● ACTIVITY:
Only one span is wanted from the lines below: from the one with "COMBO de conta clash royale e clash of clans" up to and including the one with "Leukoplast fixač.klasická páska/cívka". Copy it exactly, without images.
DATA PROVIDED Start Marker
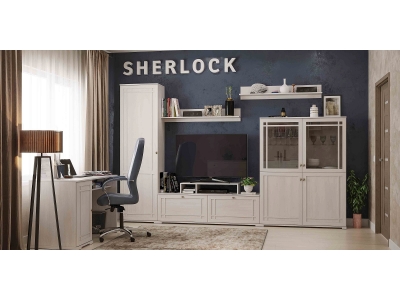 Гостиная ШЕРЛОК (Sherlock) ясень анкор светлый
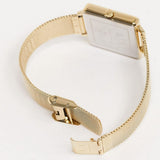 Armani Exchange Lola Quartz Gold Dial Gold Mesh Strap Watch For Women - AX5801 Authentic Buy Shop Now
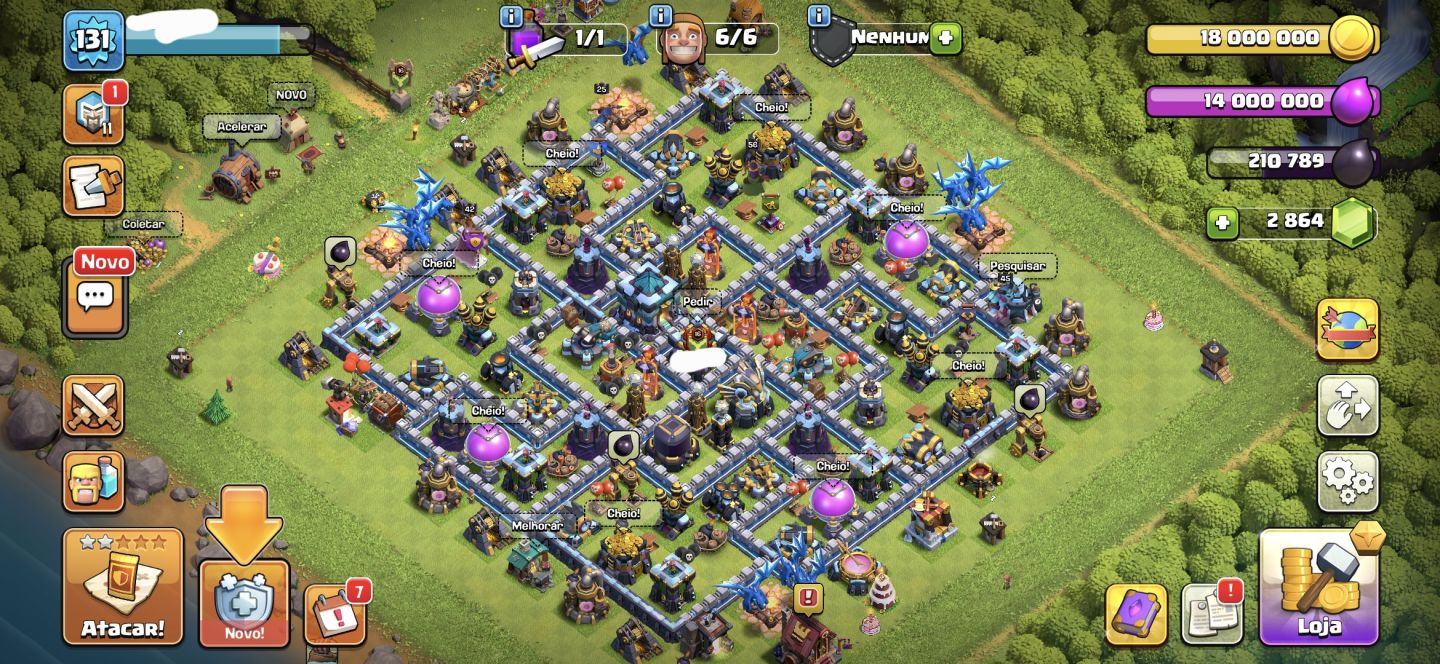 COMBO de conta clash royale e clash of clans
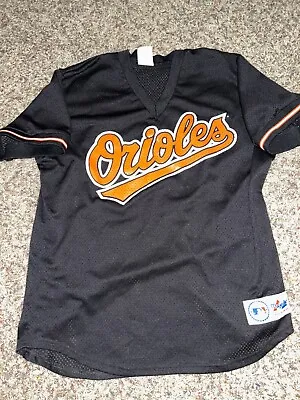 Vintage 1990s Baltimore Orioles Majestic BP Mesh Pullover USA Large Jersey • $33.92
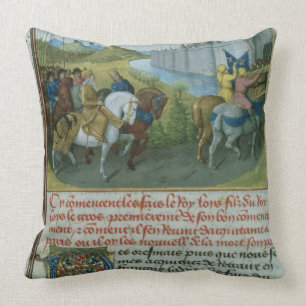 Almofada Entrada f.22 do franco 6465 de Louis VII em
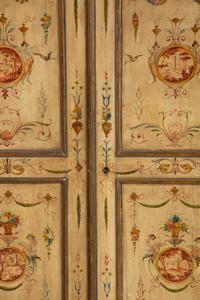 A Venetian Style Painted Armoire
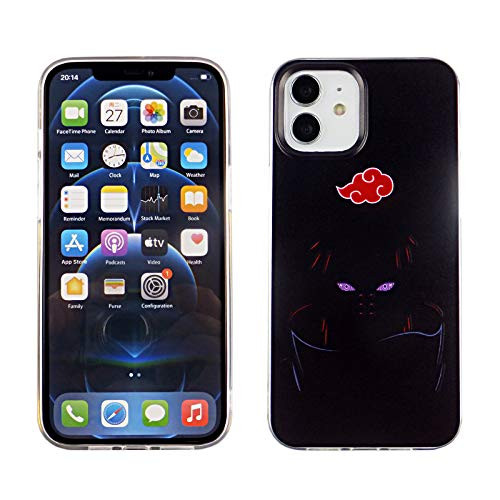 iPhone 12 Mini 5.4 Inch TPU Case CASEVEREST 3D Print Design Slim Fit Cover iPhone 12 Mini Naruto Akatsuki Red Cloud Ninja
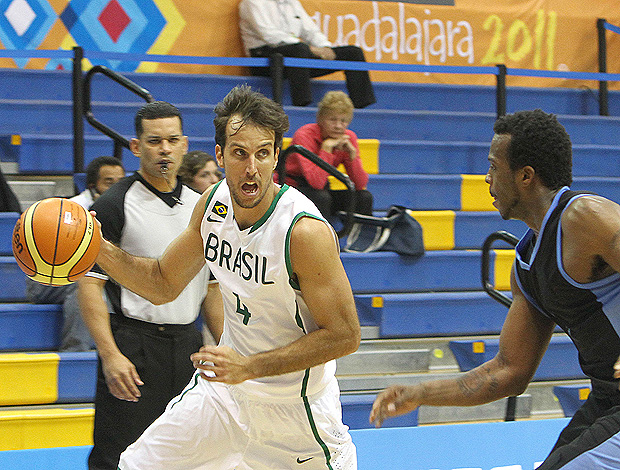 marcelinho machado  brasil x uruguai basquete  Jogos Pan-americanos de Guadalajara (Foto: Jefferson Bernardes/VIPCOMM)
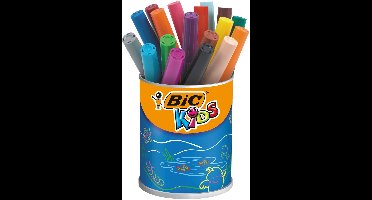 Bic Kids Viltstift Visacolor XL Ecolutions 18 stiften in een metalen pot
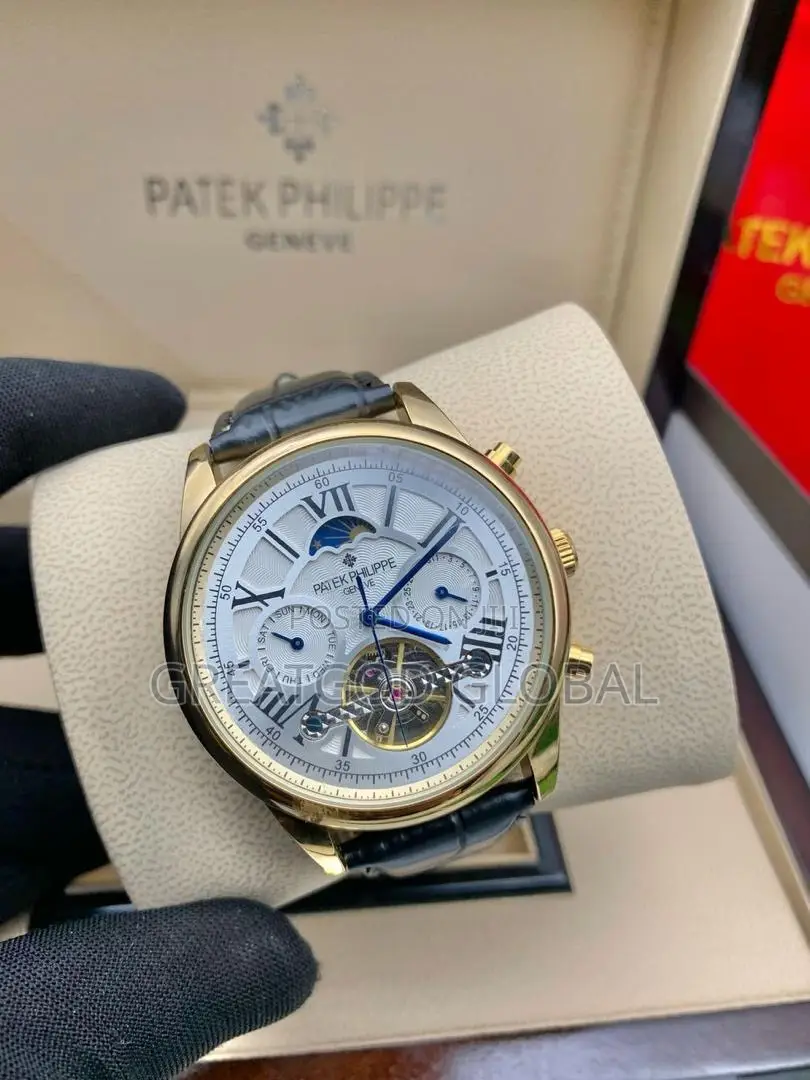 Patek Phillipe Leather Automatic Wristwatch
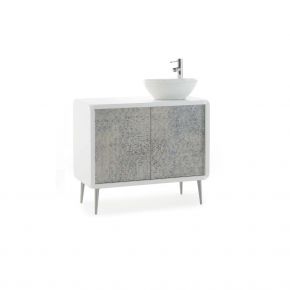 Creo H2O 900 furniture with washbasin version by Vismara beauty SPA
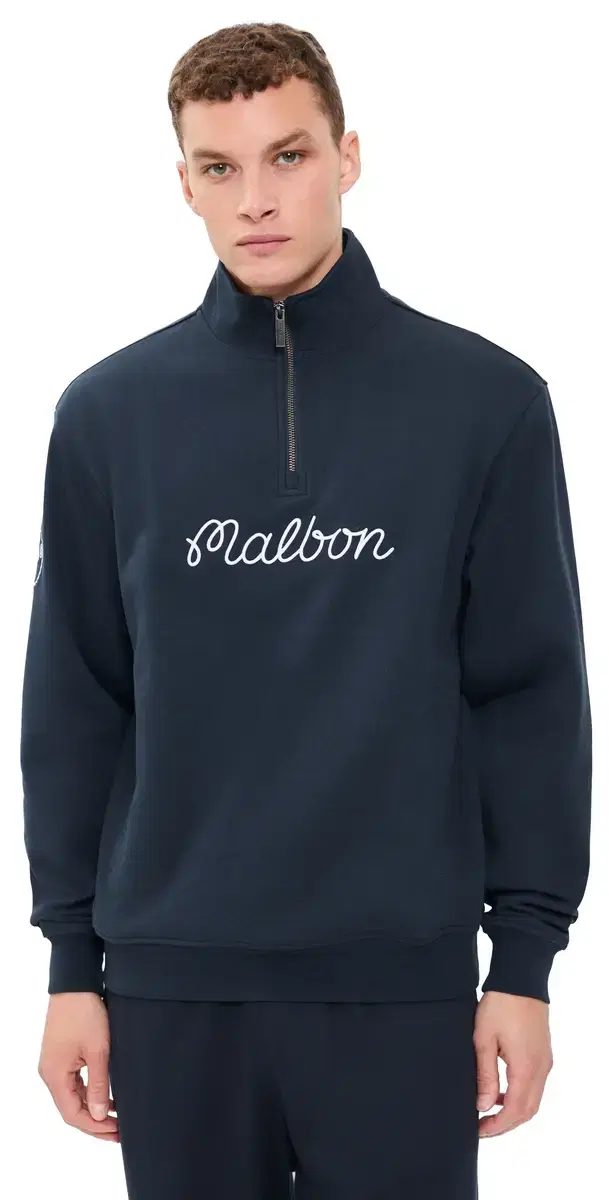 Malbon Collegiate Sweatshirt Navy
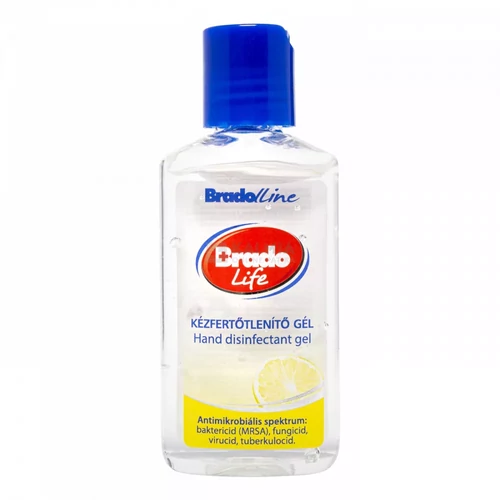 Bradolife kézfertőtlenítő gél, citrom, 50ml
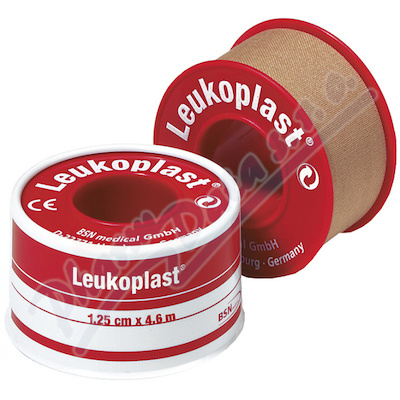 Leukoplast fixač.klasická páska/cívka 1.25cmx4.6m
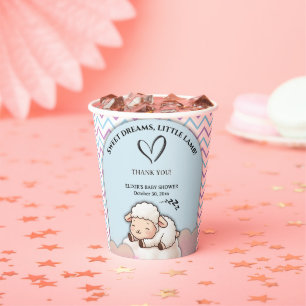 Gobelets En Papier Douces Rêves Petit Agneau Baby Shower Mignon Kawai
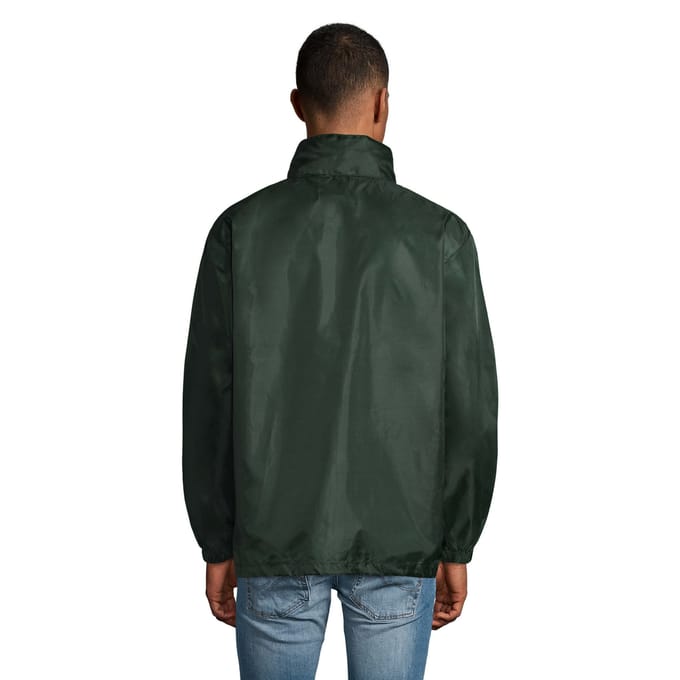 SOLS Unisex windjack met shift voor volwassenen (Bosgroen)
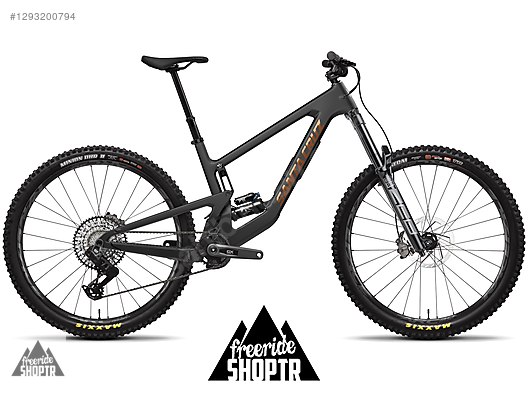 Santa Cruz Megatower GX AXS - Matte Black - Enduro Bisiklet on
DATA PROVIDED End Marker
● FINAL ANSWER:
 COMBO de conta clash royale e clash of clans
 Vintage 1990s Baltimore Orioles Majestic BP Mesh Pullover USA Large Jersey • $33.92
 Almofada Entrada f.22 do franco 6465 de Louis VII em
 A Venetian Style Painted Armoire
 iPhone 12 Mini 5.4 Inch TPU Case CASEVEREST 3D Print Design Slim Fit Cover iPhone 12 Mini Naruto Akatsuki Red Cloud Ninja
 marcelinho machado  brasil x uruguai basquete  Jogos Pan-americanos de Guadalajara (Foto: Jefferson Bernardes/VIPCOMM)
 Bic Kids Viltstift Visacolor XL Ecolutions 18 stiften in een metalen pot
 Patek Phillipe Leather Automatic Wristwatch
 Creo H2O 900 furniture with washbasin version by Vismara beauty SPA
 Malbon Collegiate Sweatshirt Navy
 Bradolife kézfertőtlenítő gél, citrom, 50ml
 Leukoplast fixač.klasická páska/cívka 1.25cmx4.6m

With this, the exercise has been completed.